Short web captions
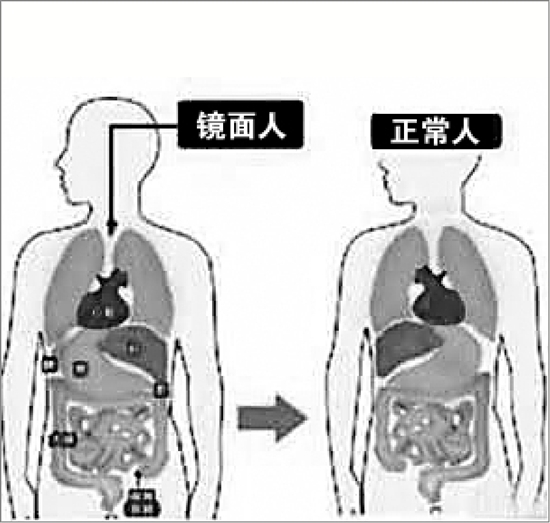 �����������������ų� Ϊ�������������Խת��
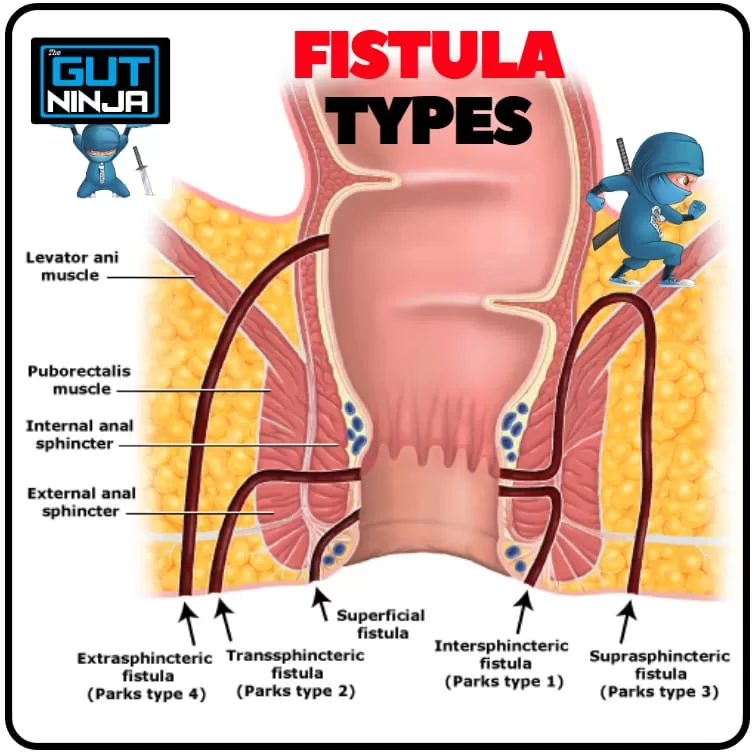 Piles Fissure & Fistula - New Sangavi - Photo 6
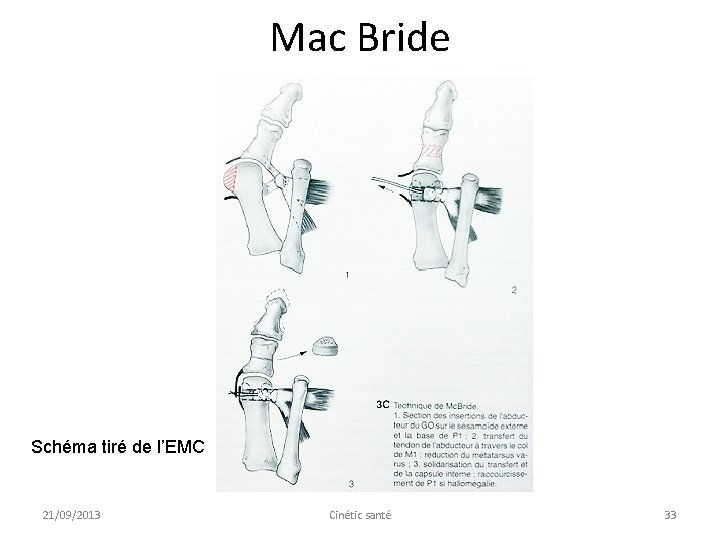 Mac Bride Schéma tiré de l’EMC 21/09/2013 Cinétic santé 33 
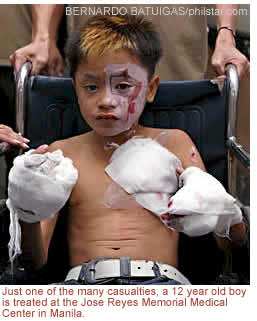 Just one of the many casualties, a 12 year old boy is treated at the Jose Reyes Memorial Medical Center in Manila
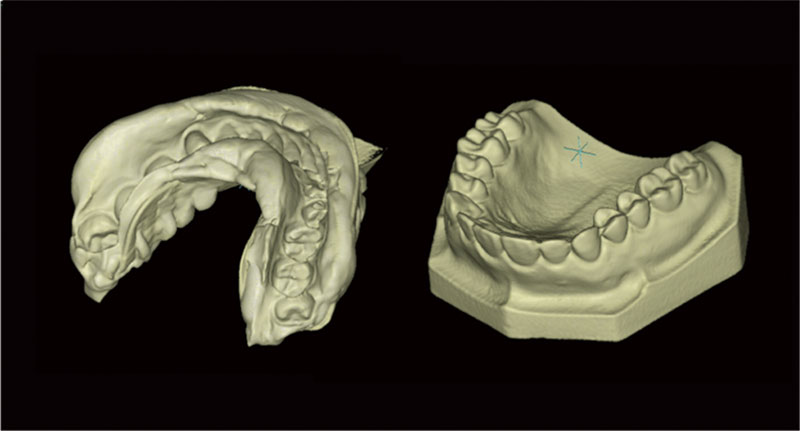 MODEL SCANNING MEYER DENTAL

■ EXERCISE ■
The records above are to be retyped exactly, with every picture left out.

■ WRITTEN ANSWER ■
 �����������������ų� Ϊ�������������Խת��
 Piles Fissure & Fistula - New Sangavi - Photo 6
 Mac Bride Schéma tiré de l’EMC 21/09/2013 Cinétic santé 33 
 Just one of the many casualties, a 12 year old boy is treated at the Jose Reyes Memorial Medical Center in Manila
 MODEL SCANNING MEYER DENTAL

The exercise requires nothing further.